このようにお腹の張りどめとして良く効くお薬ですが、母体である、自分自身には結構副作用がつらいものが、ありました。
服用して1から2時間位してくると、心臓がドキドキと動悸があり、頻脈、手のふるえなどがあり、2錠服用している時は吐き気・ふらつきまで起こし、起き上がれないくらいの状態になることもありました。

自分はどこも調子が悪いわけでもないのに、こんな辛い状態を我慢できるのは、何よりも赤ちゃんが無事に産まれて欲しい一心でした。

切迫流産・切迫早産診断された方の中には、安静にするとともに、「張りどめ」の薬が出される方も多いと思います。

お薬を出されても副作用が気になるから、とためらう方も多いようですが、副作用が出るということは、お腹の張りをとめる効果があるということになります。
ですので、副作用を心配するよりも赤ちゃんを無事に出産する方を優先するように頑張りましょう。
かくいう私もウテメリンを飲んでおりましたが、病院によって、同じ薬であっても、指示が出る薬の数が違っておりました。

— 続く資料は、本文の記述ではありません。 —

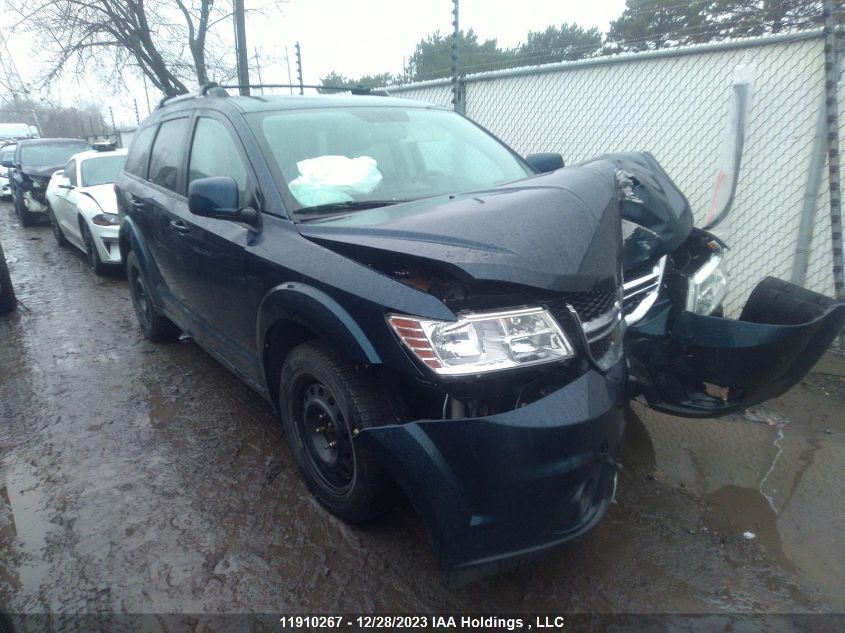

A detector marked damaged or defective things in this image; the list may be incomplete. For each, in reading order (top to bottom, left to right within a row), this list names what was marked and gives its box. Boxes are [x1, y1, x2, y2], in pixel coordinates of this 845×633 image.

crumpled hood [77, 184, 118, 214]
crumpled hood [296, 152, 692, 292]
broken headlight assembly [684, 249, 724, 314]
broken headlight assembly [390, 308, 572, 376]
detached front bumper [354, 358, 628, 580]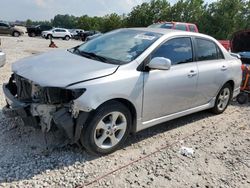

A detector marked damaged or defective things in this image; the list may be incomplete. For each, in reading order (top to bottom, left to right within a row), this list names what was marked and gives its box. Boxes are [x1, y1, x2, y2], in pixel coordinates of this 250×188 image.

damaged toyota corolla [0, 27, 241, 154]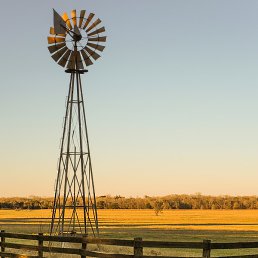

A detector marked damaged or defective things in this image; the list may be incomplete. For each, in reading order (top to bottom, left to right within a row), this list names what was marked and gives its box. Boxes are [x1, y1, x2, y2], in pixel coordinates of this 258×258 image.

rusty metal blade [51, 45, 67, 61]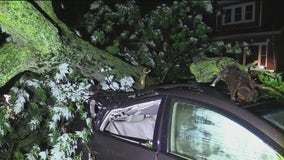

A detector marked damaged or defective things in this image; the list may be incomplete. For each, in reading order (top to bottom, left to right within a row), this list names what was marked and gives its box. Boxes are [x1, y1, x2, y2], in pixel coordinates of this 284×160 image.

crushed car [86, 83, 284, 159]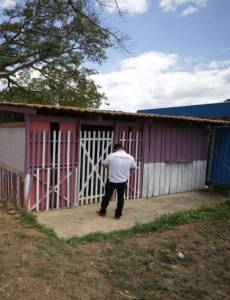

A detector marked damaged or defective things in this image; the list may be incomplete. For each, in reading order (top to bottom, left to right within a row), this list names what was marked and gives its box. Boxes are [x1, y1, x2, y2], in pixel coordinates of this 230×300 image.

rusty metal roof [0, 101, 229, 124]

私は当初、大きな市民病院へ受診したのですが、身体が小柄なため、最初から担当された医師から、2500キログラムを超えるようなら帝王切開になりますから、と言われてしまったので、何とか自然分娩ができる病院を探して病院を変えました。最初の頃にも腹痛があったので、お薬を頂いたのですが、ほとんど説明もなく2錠ずつ服用するように言われました。同じ薬を次の病院でも処方されましたが、通常は1錠、どうしても腹痛が強くなってきたら、2錠飲むように指示を頂きました。
理由を尋ねると、私は小柄な上に心臓の方にも多少の不安がありましたので、身体への負担が大きいから、という説明を受けました。それでも1錠で、効き目がないなら、赤ちゃんを優先して、2錠飲んで下さい、という、自分なりに納得できる説明を受けました。
すぐにそちらの病院で出産の予約を入れたことはいうまでもないですね。